Convert a string to a form that has abcd..z as a subsequence

String conversion (also known as string conversion) is an operation in C that stores the result in an output array after the entire process is executed. In C, there is a function called "transform()", which exists in the directory of the C environment, through which we can convert a string into a new string.

There are two forms of conversion functions −

• Unary operation

• The operation is applied to each element of the input array.

• After the operation is completed, the results will be stored in an output array.

• Binary operations

• The operation applies to each element of a specific array.

• The first input element and the second corresponding input element participate in the operation.

• The output data will be stored in an output array.

A subsequence string is a brand new string generated by performing various operations on the input string (for example: deletion).
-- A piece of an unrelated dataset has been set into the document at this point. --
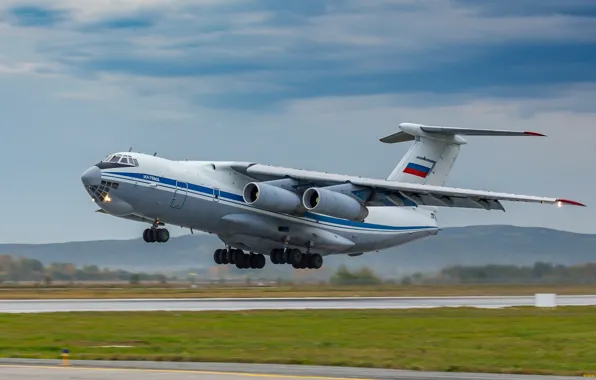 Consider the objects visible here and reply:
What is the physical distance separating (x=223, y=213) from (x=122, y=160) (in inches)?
159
For subsequence strings, the operation occurs without affecting the remaining characters.

For string conversion, the input contains an operation string of length n 1. The original characters belong to the series a to z. The length of the print string is treated as n here, which is an output string.
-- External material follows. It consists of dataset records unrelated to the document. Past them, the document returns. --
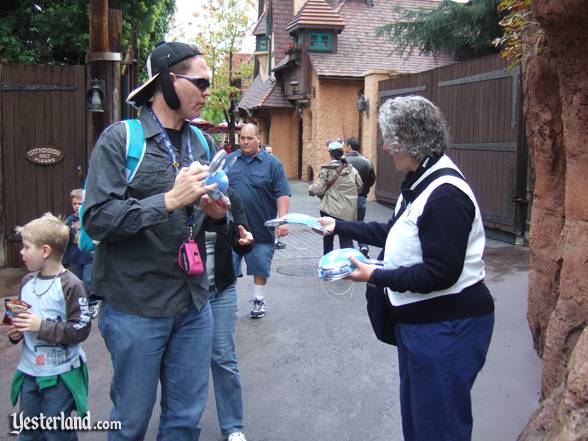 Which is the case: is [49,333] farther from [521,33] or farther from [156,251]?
A: [521,33]

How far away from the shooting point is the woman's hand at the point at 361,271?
2703mm

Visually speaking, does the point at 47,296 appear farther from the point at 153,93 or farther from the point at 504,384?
the point at 504,384

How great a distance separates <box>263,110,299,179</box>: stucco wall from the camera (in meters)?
26.0

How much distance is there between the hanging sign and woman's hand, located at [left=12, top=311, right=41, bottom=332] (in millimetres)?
5859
In this article, we will learn how to convert a string in C environment to have abcd….z as a subsequence.

Recursive algorithm generates subsequent strings

By using a recursive approach, the following is a possible algorithm for a subsequent string. This is a specific string and T is the time it takes to complete the operation.

• Step 1 - Count the number of occurrences.

• Step 2 - If i = length(s) and j = length(T).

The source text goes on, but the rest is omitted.